Scientists from the U.S. Department of Energy’s (DOE) Argonne National Laboratory contributed to a recent study led by Northwestern University to investigate grain boundaries in a solid electrolyte material. The study involved two powerful techniques — electron holography and atom probe tomography — that allowed scientists to observe the boundaries at an unprecedentedly small scale. The resulting insights provide new avenues for tuning chemical properties in the material to improve performance.
“When scientists study the conductivity of these electrolytes, they typically measure the average performance of all of the grains and grain boundaries together,” said Charudatta Phatak, a scientist in Argonne’s Materials Science Division (MSD), “but strategically manipulating the material properties requires deep knowledge of the origins of the resistance at the level of individual grain boundaries.”
To explore the grain boundaries, the scientists performed electron holography of a common solid electrolyte at Argonne’s Center for Nanoscale Materials (CNM), a DOE Office of Science User Facility. In this process, a beam of electrons hits a thin sample of the material and experiences a phase shift due to the presence of a local electric field in and around it. An external electric field then causes a portion of the electrons passing through the sample to be deflected, creating an interference pattern.
“Strategically manipulating the material properties requires deep knowledge of the origins of the resistance at the level of individual grain boundaries.” — Charudatta Phatak, materials scientist at Argonne’s Materials Science division
The scientists analyzed these interference patterns, created on the same principles as holograms in optical physics, to determine the electric field inside the material at the grain boundaries.
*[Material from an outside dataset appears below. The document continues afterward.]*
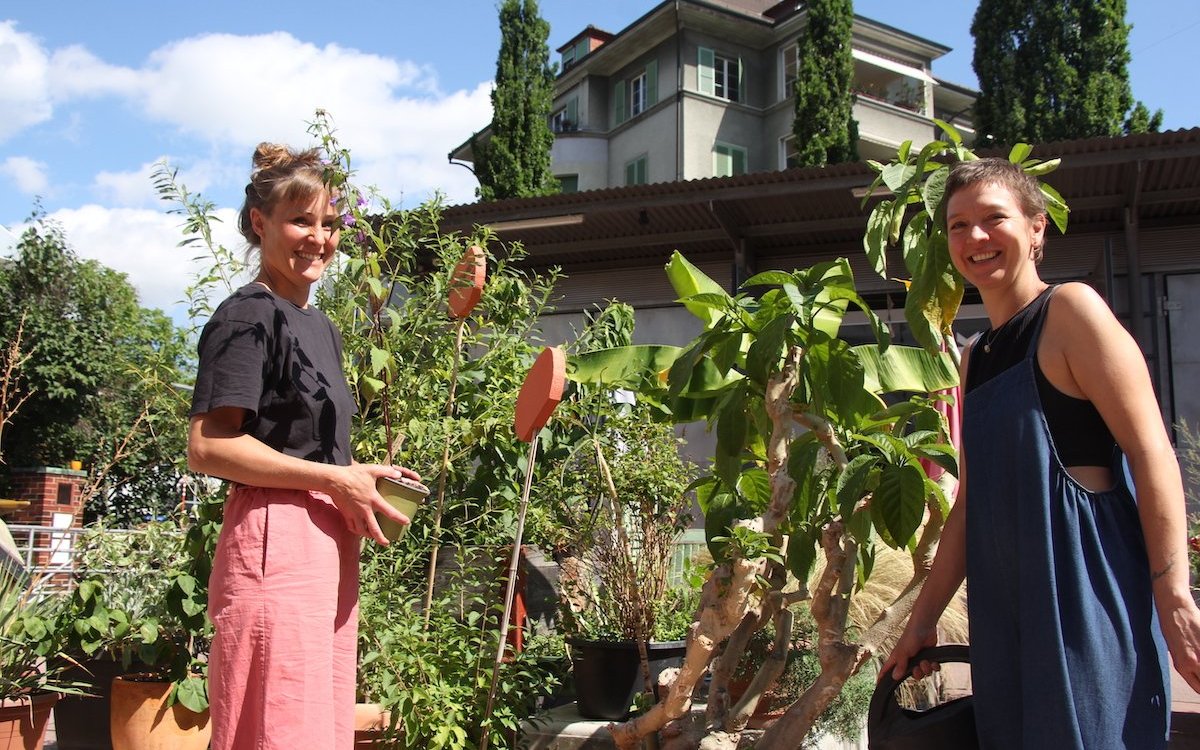 Kristina Hodel und Nora Hürlimann betreiben das Pflanzenbrocki in Bern. 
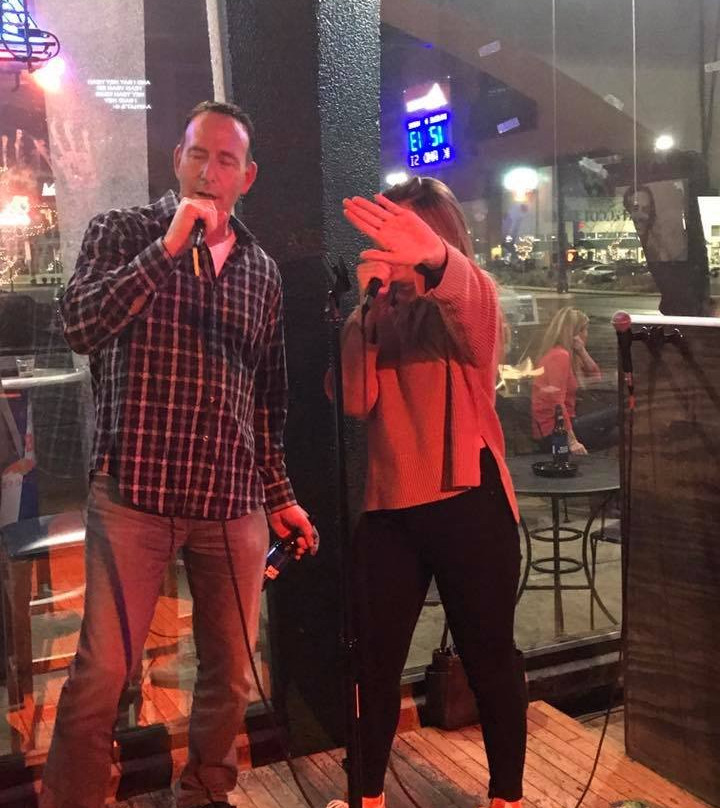 Double D Karaoke景点图片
They measured the local electric fields at ten types of grain boundaries with different degrees of misorientation.
Before this study, scientists thought that resistance at grain boundaries arose due to internal thermodynamic effects alone, such as the limit on the buildup of charge in an area. However, the large and varied electric fields they observed indicated the existence of previously undetected impurities in the material that explain the resistance.
“If the resistance was only due to thermodynamic limits, we should have seen the same fields across different boundary types,” said Phatak, “but since we saw differences of almost an order of magnitude, there had to be another explanation.”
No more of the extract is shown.